Guardrail Patterns for Common Failure Modes
Infinite Loop Detection
Agentic loops can run indefinitely if termination conditions are poorly defined:
class LoopGuardrail:
def __init__(self, max_steps: int = 20, max_tokens: int = 50_000):
self.max_steps = max_steps
self.max_tokens = max_tokens
self.steps_taken = 0
self.tokens_used = 0
def check(self, step_tokens: int) -> None:
self.steps_taken += 1
self.tokens_used += step_tokens
if self.steps_taken >= self.max_steps:
raise LoopGuardrailError(
f"Max steps ({self.max_steps}) exceeded. "
"Agent may be in an infinite loop."
)
if self.tokens_used >= self.max_tokens:
raise LoopGuardrailError(
f"Max tokens ({self.max_tokens}) exceeded across {self.steps_taken} steps."
)
Output Length Guardrails
Some tasks generate outputs that are longer than useful. Add output length validation:
def validate_output_length(response_text: str, task_type: str) -> str:
MAX_LENGTHS = {
"code_review": 3000,
"unit_tests": 5000,
"summary": 500,
"classification": 100,
}
max_len = MAX_LENGTHS.get(task_type, 2000)
if len(response_text) > max_len * 4: # chars ≈ tokens × 4
# Truncate with notice
truncated = response_text[:max_len * 4]
return truncated + f"\n\n[Output truncated at {max_len} token equivalent. Full analysis available on request.]"
return response_text
Tip: Treat guardrail triggers as signals, not just stops. Log every guardrail activation with the task context and token count. A guardrail that fires more than 5% of the time is a signal that your budget or prompt design needs adjustment — either the budget is too tight, or the prompt is inducing unnecessarily verbose responses.
Budget Visualization and Reporting
Budgets are only useful if stakeholders can see them. Build simple reporting into your budget system:
def generate_budget_report(project_id: str, enforcer: ProjectBudgetEnforcer) -> str:
daily_key = enforcer.get_budget_key(project_id, "daily")
monthly_key = enforcer.get_budget_key(project_id, "monthly")
daily_spend = float(enforcer.redis.get(daily_key) or 0)
monthly_spend = float(enforcer.redis.get(monthly_key) or 0)

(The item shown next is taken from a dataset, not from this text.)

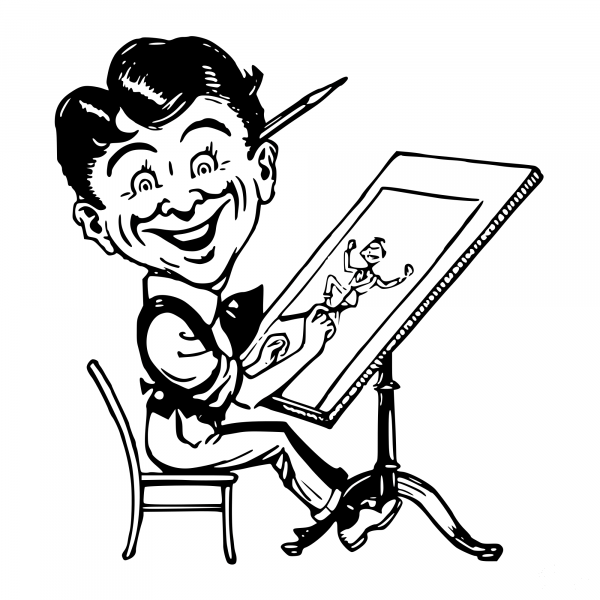 Vintage Happy Cartoonist coloring page image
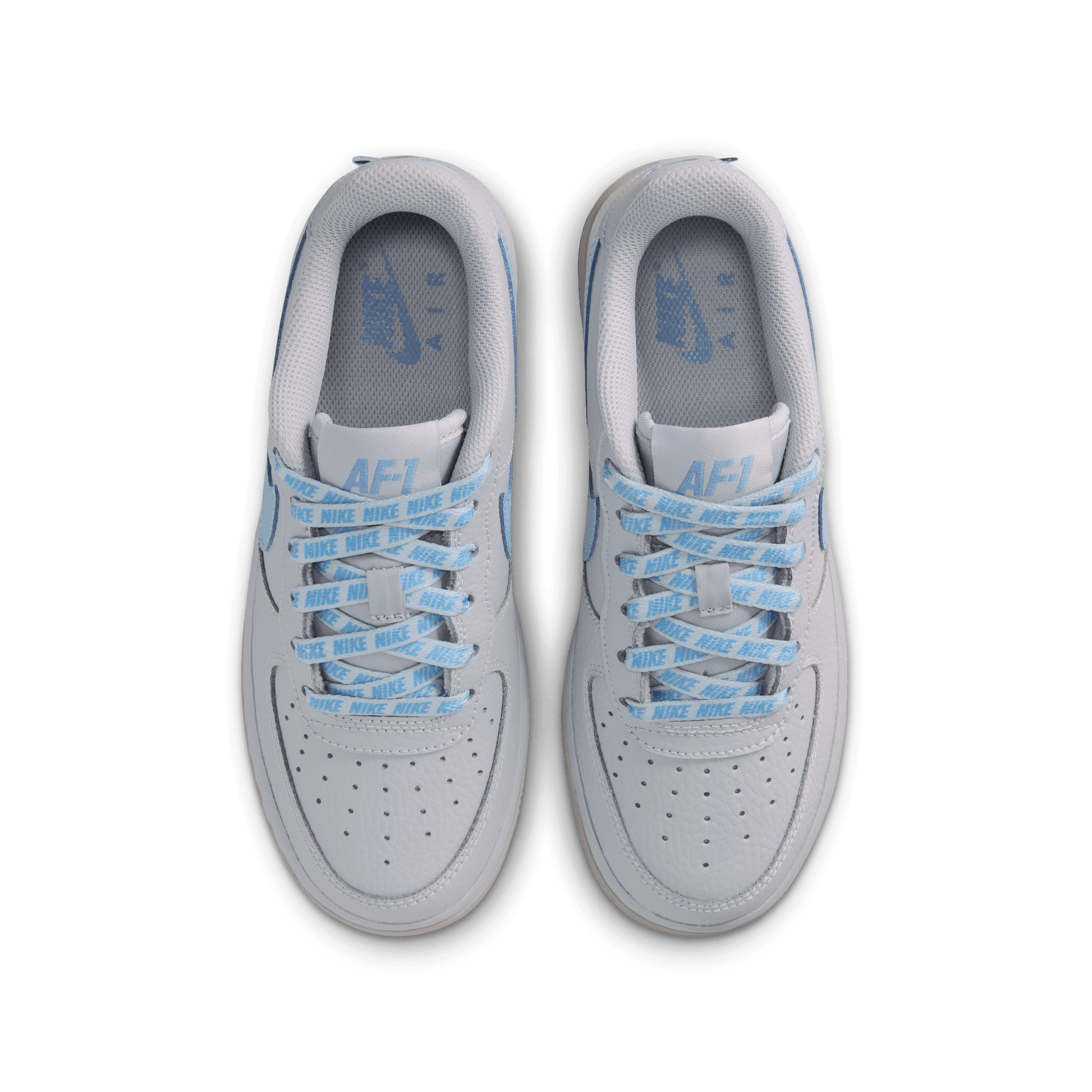 Nike Air Force 1 Low "Wolf Grey/Work Blue" Grade School Boys' Shoe - GREY/BLUE Thumbnail View 6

limits = enforcer.project_limits[project_id]
report = f"""
Budget Report: {project_id}
Generated: {datetime.utcnow().strftime('%Y-%m-%d %H:%M UTC')}
Daily Budget:
Spent: ${daily_spend:.4f} of ${limits['daily']:.2f}
Remaining: ${limits['daily'] - daily_spend:.4f}
Used: {(daily_spend/limits['daily']*100):.1f}%
Status: {'OK' if daily_spend < limits['daily'] * 0.8 else 'WARNING' if daily_spend < limits['daily'] else 'EXCEEDED'}
Monthly Budget:
Spent: ${monthly_spend:.4f} of ${limits['monthly']:.2f}
Remaining: ${limits['monthly'] - monthly_spend:.4f}
Used: {(monthly_spend/limits['monthly']*100):.1f}%
Status: {'OK' if monthly_spend < limits['monthly'] * 0.8 else 'WARNING' if monthly_spend < limits['monthly'] else 'EXCEEDED'}
"""
return report
Tip: Schedule daily budget summary emails or Slack messages to team leads, showing each project's spend-to-date vs. budget. Teams that see their budget consumption daily adjust behavior naturally and rarely hit hard limits. Teams that only see it on the invoice get surprised every month.
Summary
Effective token budgeting requires three layers: per-task hard limits enforced at the API level via max_tokens, per-session compression and soft limits that degrade gracefully, and per-project budget enforcement with Redis-backed counters that prevent organizational overspend. Guardrails against infinite loops and output verbosity catch the failure modes budgets alone cannot prevent. Visibility — through regular reporting and proactive user communication — transforms budget controls from emergency brakes into team-wide cost culture.